The rule is this: Once the game goes to extra innings, the batter who made the last out the previous inning begins the inning at second base.
Move him to third with a bunt and there are a long list of ways for him to score.
“I still think the real advantage is being the home team,” Girardi said. “I also think you have to look at each game different depending on who you have left in your bullpen and who is up [at the plate] and that sort of thing.”
Some of that is true and some of that is open for debate.
You’re not going to ask Bryce Harper, Rhys Hoskins, or J.T. Realmuto to bunt when they also have a decent chance of hitting the ball out of the park. Didi Gregorius might fit into that category, too. But being the home team might not be as big of an advantage as Girardi thinks.
During his 10 seasons as Yankees manager, Girardi’s teams went 26-28 at home in extra innings and 31-31 on the road. Having the home-field advantage in extra innings a year ago actually was not an overall advantage. Road teams last season went 106-99 in extra-inning games and they lost only 19 times after scoring first.
That means getting the runner to third with one out via the sacrifice bunt could be a very valuable endeavor in the top half of an extra inning. Sure, the home team will also get to start the inning with a runner at second, but the pressure on the hitter becomes greater if his team is trailing.
In research of every extra-inning game from a year ago, it was rare to find instances where the home team was willing to use the sacrifice bunt to move a runner into scoring position. The road team almost never used the sacrifice bunt, and that made sense.
That will probably still be the way things go in 2020, but Girardi, who was considered a master of the sacrifice bunt during his career, said he will at least consider moving the runner to third to start the top half of an extra inning.
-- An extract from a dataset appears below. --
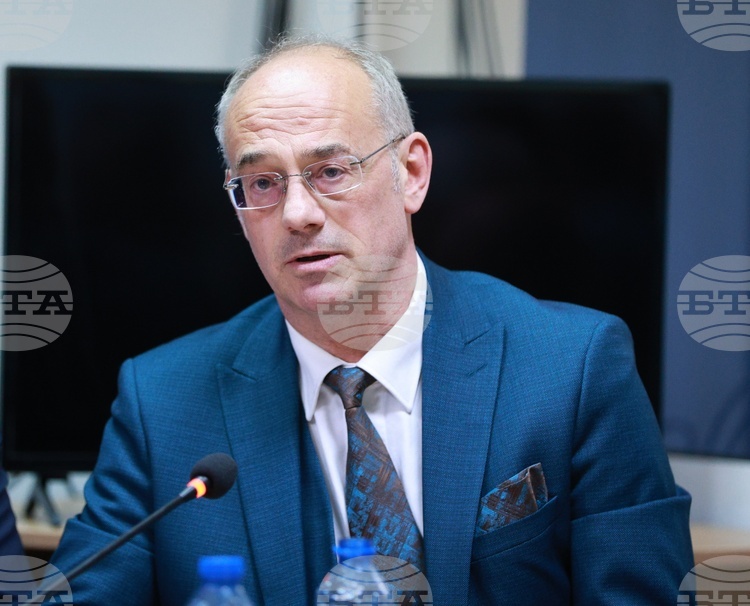 No Town in Bulgaria Celebrates Its Holiday as Veliko Tarnovo, Says Historian of Bulgarian Academy of Sciences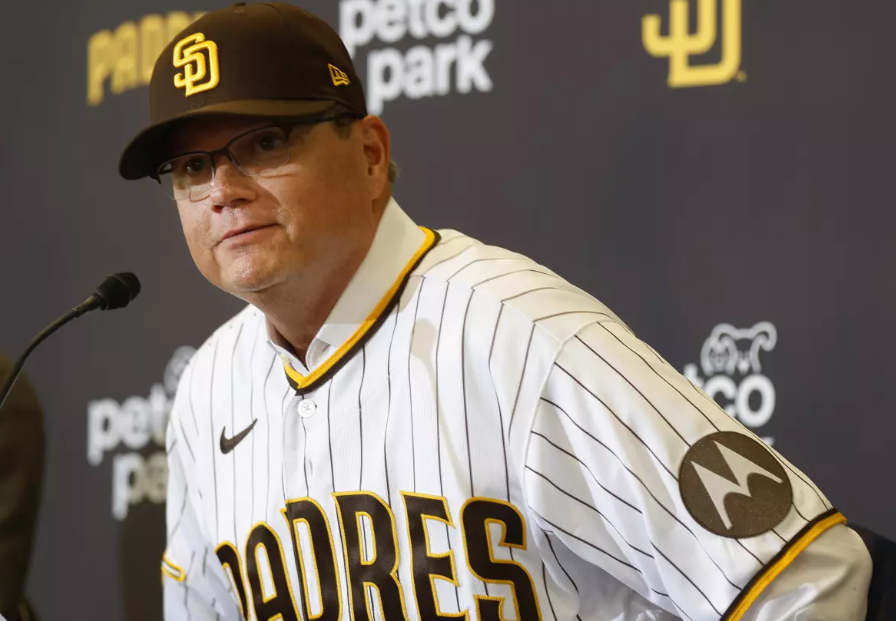 Newcomers to Mike Shildt's #Padres coaching staff include hitting coach Victor Rodriguez, third base coach Tim Leiper, assistant hitting coaches Mike McCoy and Pat O’Sullivan and major league field coordinator Ryan Barba sandiegouniontribune.com/sports/padres/…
“I think you have to think about it,” Girardi said. “We’ve had guys practice bunting -- guys we would anticipate that might bunt in a situation like that. The hard thing about bunting today is the [velocity] in the game. It makes it really difficult and you get into those late-inning [pitchers] and it can be really difficult. It’s something we are going to have to take each game separate and evaluate all the parameters we have in front of us and make the best decision.”